◆ YOUR GOAL
Output each record below exactly, leaving any picture out of the copy.

◆ DATA LISTING
☆ ☆ ☆ ☆ ☆ ☆ ☆

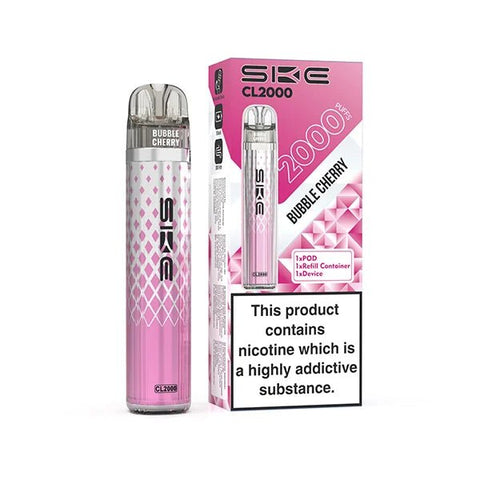 Shop SKE CL2000 Prefilled Pod Kit - Box of 10 - SKE CL2000 Prefilled Pod Kit - Box of 10 - Vape Blaze
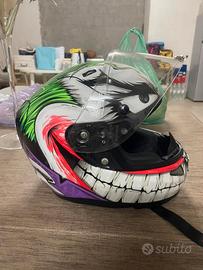 hjc rpha 11 joker DC comics casco moto integrale 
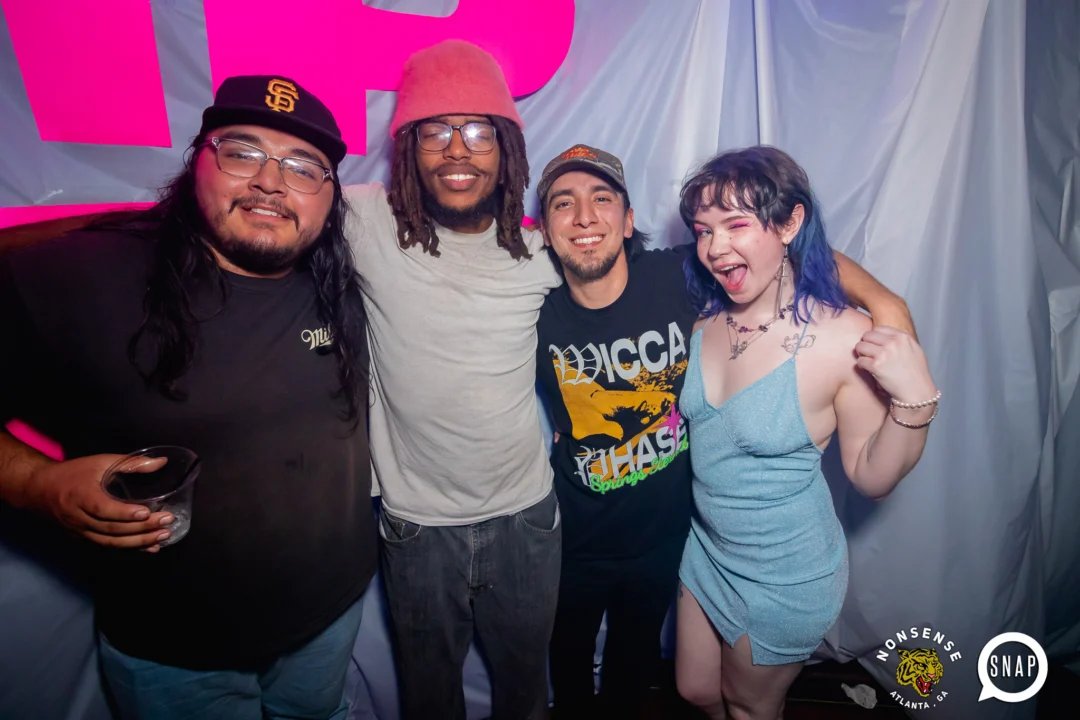 The Substance - A dance party inspired by the film - November 2024 - Kimber and NeonHorror were the DJs - Pics by @hellacurious - Decor by TAD and Scott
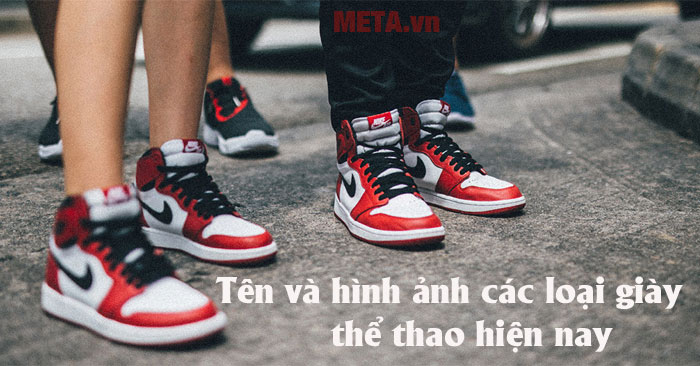 Tên các loại giày thể thao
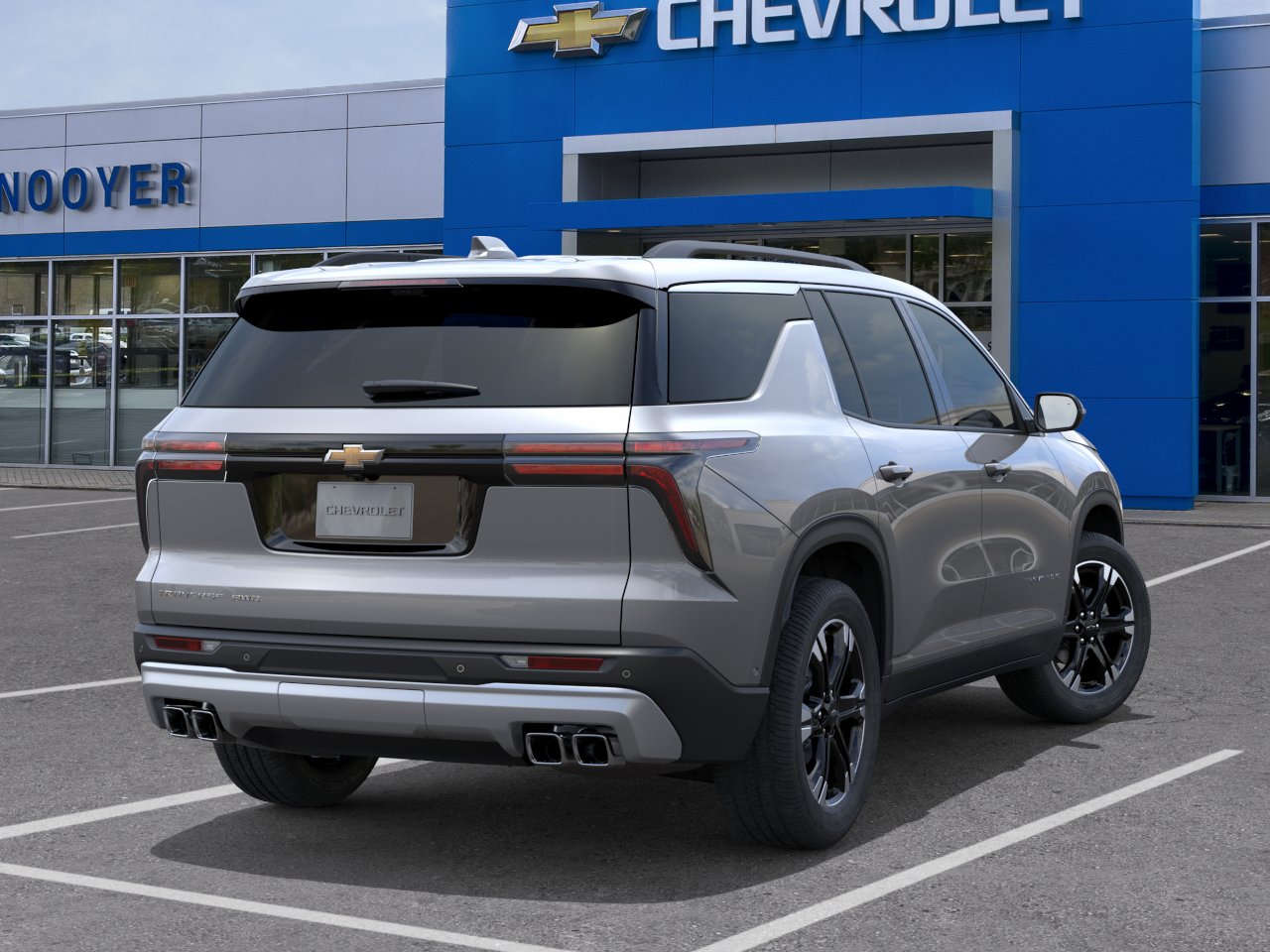 2027 Chevrolet Traverse LT - Photo 29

☆ ☆ ☆ ☆ ☆ ☆ ☆

◆ COMPLETED EXERCISE
 Shop SKE CL2000 Prefilled Pod Kit - Box of 10 - SKE CL2000 Prefilled Pod Kit - Box of 10 - Vape Blaze
 hjc rpha 11 joker DC comics casco moto integrale 
 The Substance - A dance party inspired by the film - November 2024 - Kimber and NeonHorror were the DJs - Pics by @hellacurious - Decor by TAD and Scott
 Tên các loại giày thể thao
 2027 Chevrolet Traverse LT - Photo 29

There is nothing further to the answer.